September 21, 2012 , , , , , , , , , ,

13 Going on 30

© 2004 Columbia Pictures

When you were 13 didn’t you think about being 30, flirty and thriving?

Like all the women in the magazines we read. Instead of being that awkward teen with acne, glasses, braces and breast buds I thought about being older, beautiful, sophisticated, wealthy and living in Manhattan with a high-powered job that afforded me vacations in the south of France.

Oh, that didn’t happen for you either?

One of my favorite movies to watch with my girls is “13 Going On 30”, starring Jennifer Garner. The main character, Jenna Rink, is the epitome of awkward and dreams of being 30, flirty and thriving like the girls in Poise magazine. With the help of a little magic dust (insert fell asleep and dreaming here) all her wishes come true. Funny thing is, she quickly realizes that having all those things doesn’t bring her happiness in the end and she yearns for her parents (who’d a thunk), her sweet disposition and her old (boy)friend, Matt. In the end she enjoys her journey, remains grounded and marries the love of her life…you guessed it…Matt!
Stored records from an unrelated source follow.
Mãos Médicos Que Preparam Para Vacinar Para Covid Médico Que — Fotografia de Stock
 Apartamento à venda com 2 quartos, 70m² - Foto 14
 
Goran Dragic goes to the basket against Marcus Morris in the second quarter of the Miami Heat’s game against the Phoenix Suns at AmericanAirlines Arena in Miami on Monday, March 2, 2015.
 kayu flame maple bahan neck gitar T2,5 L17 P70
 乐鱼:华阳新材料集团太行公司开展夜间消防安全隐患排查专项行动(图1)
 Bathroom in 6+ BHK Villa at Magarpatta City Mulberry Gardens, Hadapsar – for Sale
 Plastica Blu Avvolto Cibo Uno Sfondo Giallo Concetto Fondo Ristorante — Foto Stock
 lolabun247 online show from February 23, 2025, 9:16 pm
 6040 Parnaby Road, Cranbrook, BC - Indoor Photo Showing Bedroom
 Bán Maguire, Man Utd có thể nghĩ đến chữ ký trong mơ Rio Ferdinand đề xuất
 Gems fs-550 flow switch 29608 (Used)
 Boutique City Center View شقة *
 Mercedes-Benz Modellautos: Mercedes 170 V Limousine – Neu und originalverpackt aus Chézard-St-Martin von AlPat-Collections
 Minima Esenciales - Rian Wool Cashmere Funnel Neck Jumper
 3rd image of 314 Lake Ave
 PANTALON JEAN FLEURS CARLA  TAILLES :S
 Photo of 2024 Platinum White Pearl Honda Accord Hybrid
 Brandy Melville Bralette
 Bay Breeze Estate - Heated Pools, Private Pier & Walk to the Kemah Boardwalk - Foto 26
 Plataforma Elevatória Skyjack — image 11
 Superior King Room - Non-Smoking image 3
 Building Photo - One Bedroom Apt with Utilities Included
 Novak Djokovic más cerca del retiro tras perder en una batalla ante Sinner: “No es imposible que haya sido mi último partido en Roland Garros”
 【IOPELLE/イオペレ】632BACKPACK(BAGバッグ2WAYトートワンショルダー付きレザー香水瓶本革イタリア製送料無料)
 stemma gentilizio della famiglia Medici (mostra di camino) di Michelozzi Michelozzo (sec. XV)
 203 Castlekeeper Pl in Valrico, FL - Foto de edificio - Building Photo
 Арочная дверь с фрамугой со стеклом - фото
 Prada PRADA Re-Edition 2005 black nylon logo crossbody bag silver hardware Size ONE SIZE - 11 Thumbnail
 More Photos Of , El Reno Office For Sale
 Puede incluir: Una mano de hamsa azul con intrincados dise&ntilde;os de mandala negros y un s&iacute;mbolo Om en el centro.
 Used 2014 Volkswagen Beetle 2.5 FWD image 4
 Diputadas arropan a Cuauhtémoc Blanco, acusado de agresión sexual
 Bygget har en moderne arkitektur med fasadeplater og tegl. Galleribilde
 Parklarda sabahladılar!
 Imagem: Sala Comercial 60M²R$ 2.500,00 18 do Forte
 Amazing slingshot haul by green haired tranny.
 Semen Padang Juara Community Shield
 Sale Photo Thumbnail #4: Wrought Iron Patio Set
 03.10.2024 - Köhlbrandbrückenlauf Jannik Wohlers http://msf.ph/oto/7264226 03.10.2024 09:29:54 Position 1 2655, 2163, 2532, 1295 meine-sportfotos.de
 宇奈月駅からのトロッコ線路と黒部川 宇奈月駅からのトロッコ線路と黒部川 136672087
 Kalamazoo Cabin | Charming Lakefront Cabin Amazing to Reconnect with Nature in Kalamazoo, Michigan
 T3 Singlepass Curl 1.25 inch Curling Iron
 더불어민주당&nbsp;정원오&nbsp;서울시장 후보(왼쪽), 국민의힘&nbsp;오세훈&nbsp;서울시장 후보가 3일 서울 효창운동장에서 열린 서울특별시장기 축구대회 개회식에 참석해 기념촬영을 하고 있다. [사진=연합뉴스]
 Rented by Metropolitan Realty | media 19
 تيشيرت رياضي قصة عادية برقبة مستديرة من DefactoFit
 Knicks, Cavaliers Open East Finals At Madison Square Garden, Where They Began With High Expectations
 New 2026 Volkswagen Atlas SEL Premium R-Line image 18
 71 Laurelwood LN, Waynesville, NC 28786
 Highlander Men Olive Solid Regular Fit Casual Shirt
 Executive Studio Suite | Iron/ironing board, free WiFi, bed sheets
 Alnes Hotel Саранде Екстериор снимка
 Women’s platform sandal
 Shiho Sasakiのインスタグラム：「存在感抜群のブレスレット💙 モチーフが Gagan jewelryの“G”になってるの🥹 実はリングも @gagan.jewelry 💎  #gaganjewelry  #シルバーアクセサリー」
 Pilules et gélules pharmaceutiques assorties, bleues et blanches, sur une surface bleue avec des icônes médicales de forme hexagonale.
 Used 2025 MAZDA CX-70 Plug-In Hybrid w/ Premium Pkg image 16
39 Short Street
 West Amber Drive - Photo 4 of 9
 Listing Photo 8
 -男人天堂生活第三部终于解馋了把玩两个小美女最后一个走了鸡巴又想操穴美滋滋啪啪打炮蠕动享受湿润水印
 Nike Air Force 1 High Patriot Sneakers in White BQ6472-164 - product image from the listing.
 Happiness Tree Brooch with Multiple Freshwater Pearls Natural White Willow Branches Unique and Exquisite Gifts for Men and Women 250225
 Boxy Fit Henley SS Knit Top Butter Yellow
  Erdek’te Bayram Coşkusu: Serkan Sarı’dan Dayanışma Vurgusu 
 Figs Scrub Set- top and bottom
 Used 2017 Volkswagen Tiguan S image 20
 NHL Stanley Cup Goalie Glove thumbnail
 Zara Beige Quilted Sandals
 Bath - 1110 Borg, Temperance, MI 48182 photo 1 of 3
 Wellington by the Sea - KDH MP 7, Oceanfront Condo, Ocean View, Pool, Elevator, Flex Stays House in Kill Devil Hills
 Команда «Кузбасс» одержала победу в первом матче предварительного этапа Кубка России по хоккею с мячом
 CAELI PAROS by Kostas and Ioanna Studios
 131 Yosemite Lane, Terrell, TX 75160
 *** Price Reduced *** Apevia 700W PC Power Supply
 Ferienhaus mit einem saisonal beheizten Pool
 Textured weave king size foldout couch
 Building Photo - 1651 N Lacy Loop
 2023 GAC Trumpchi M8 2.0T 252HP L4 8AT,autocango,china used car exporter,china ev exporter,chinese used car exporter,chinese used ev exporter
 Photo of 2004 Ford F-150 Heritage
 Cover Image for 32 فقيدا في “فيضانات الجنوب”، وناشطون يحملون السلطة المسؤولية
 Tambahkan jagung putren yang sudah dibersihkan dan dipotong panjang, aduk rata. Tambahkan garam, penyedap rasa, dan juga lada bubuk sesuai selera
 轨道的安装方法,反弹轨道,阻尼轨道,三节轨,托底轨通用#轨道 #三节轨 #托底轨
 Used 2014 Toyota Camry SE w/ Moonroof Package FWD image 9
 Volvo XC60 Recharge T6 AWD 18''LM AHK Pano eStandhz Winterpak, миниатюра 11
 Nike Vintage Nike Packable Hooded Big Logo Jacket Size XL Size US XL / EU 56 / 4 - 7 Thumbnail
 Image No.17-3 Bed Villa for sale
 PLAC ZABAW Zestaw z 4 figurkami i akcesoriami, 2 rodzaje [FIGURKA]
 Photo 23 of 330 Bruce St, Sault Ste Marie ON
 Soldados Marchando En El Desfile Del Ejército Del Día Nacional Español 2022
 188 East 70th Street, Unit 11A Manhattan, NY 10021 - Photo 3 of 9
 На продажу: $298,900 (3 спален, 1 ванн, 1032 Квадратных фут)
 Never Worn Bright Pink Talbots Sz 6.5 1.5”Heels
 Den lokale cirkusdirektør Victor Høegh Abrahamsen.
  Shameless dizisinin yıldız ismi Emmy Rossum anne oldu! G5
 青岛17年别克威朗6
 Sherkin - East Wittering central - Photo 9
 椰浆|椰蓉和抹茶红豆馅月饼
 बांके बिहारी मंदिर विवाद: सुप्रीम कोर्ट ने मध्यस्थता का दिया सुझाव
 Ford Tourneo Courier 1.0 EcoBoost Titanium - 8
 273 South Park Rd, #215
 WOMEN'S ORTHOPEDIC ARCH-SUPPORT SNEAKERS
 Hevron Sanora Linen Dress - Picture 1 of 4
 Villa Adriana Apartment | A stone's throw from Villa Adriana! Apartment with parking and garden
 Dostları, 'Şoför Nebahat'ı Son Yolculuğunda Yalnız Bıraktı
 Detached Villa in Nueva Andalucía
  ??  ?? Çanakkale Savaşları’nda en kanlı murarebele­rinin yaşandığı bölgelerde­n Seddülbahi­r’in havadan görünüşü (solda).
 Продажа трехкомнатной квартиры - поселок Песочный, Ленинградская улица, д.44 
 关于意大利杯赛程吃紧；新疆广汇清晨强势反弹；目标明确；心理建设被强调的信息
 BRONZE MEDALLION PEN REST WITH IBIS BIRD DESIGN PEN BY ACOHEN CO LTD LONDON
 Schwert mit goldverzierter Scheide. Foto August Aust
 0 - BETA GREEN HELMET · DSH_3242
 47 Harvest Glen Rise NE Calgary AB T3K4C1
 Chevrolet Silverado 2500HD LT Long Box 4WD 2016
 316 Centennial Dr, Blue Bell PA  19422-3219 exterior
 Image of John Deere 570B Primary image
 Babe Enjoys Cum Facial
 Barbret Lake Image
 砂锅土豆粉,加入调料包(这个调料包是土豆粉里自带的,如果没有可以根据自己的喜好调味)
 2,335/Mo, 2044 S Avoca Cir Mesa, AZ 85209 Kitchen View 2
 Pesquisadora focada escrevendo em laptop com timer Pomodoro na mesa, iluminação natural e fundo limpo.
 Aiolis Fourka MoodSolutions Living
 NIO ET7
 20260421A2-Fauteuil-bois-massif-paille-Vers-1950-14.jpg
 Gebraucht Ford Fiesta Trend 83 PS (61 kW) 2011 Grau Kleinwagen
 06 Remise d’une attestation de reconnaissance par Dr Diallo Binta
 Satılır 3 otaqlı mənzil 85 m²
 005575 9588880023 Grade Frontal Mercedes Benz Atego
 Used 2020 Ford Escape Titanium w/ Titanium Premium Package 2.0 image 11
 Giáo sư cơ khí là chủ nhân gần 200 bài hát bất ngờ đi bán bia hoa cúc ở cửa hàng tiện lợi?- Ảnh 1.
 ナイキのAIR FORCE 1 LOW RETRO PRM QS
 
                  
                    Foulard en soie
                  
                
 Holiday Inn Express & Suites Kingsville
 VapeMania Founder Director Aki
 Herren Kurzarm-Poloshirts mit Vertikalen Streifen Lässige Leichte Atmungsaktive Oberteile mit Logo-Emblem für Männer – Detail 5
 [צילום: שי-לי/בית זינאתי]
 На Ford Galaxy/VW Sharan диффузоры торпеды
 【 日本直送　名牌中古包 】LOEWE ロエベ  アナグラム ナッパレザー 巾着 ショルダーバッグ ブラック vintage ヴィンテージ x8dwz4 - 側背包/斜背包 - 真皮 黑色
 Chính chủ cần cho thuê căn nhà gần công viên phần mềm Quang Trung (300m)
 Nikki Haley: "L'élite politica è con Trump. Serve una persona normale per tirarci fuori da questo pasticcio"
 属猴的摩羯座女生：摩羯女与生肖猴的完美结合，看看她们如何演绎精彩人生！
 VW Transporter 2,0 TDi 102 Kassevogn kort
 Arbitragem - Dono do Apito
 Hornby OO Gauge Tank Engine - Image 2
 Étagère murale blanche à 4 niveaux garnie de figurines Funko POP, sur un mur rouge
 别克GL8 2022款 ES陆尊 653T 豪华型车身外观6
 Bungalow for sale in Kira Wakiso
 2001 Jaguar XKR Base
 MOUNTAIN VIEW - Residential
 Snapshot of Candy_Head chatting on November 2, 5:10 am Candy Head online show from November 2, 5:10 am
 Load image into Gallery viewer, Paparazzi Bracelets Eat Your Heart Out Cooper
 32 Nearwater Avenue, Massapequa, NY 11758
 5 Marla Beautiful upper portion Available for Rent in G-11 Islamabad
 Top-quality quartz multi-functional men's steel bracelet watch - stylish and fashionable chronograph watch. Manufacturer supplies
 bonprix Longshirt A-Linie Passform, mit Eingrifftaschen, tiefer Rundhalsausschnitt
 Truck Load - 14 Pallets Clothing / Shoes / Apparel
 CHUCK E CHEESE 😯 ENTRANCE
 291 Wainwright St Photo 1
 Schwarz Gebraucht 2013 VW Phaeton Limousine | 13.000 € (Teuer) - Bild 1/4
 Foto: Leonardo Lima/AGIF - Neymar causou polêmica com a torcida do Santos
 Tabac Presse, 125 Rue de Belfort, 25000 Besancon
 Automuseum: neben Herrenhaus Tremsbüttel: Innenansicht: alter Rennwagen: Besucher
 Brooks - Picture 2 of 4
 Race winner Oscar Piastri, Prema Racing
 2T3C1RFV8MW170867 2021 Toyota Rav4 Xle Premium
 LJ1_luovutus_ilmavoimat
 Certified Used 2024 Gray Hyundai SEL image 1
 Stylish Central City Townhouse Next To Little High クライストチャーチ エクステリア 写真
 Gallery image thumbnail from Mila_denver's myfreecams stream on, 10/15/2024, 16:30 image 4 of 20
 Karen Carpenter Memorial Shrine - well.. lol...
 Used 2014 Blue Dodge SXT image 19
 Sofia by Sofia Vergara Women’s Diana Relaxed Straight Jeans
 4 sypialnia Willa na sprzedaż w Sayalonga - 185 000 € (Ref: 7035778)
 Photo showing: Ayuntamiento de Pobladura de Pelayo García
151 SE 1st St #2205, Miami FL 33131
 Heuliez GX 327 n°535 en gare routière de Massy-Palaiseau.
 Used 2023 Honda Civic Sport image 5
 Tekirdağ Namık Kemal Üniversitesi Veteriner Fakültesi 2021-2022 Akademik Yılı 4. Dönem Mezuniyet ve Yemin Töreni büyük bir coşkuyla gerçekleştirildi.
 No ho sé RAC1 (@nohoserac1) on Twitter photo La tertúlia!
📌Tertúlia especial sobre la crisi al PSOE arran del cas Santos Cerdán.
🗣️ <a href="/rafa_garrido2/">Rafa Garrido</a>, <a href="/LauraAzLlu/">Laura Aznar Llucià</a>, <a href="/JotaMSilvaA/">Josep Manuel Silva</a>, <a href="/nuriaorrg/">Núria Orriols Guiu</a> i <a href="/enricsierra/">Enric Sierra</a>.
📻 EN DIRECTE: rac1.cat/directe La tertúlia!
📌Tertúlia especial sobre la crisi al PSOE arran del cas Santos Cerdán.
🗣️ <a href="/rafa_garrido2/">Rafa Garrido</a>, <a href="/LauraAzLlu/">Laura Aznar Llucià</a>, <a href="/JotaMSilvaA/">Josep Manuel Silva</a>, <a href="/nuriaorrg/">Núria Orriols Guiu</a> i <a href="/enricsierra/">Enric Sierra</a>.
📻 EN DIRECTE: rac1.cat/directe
As a kid, I used to live in the future much of the time. I yearned to be the kid in the Dr. Pepper commercial, singing and dancing and drinking all the Dr. Pepper I wanted. I yearned to be Kristy McNichol who, in my mind, had the coolest life, acting and skateboarding in Southern California. My head was always in the clouds instead of on the ground. Always wishing for something else.

What I know now is that my “happy ever after” is already here. It’s all around me every day. I live in the present. Oh, I still dream! I consider what I’ll wear when I have lunch with Oprah or hang out and bullshit with Tom Hanks. How I’ll decorate my beach house in Hawaii.

The difference now is that I don’t constantly yearn for any of the dreams. I take small steps toward the things that really matter every day. I stop and smell the proverbial roses. I write in a gratitude journal every night. I am aware of my blessings and don’t take for granted what’s right in front of my nose. I am present. In the moment. Grateful. Happy.

I heard a story about the difference between hoping and deciding. When you stop and think about it, it’s so very true. I can sit around hoping my life will be a certain way sometime in the future OR I can decide what I want to create and take steps to create it every day.

(I do still HOPE I’ll get that chance with Oprah some day.)

Stay sane, my friends.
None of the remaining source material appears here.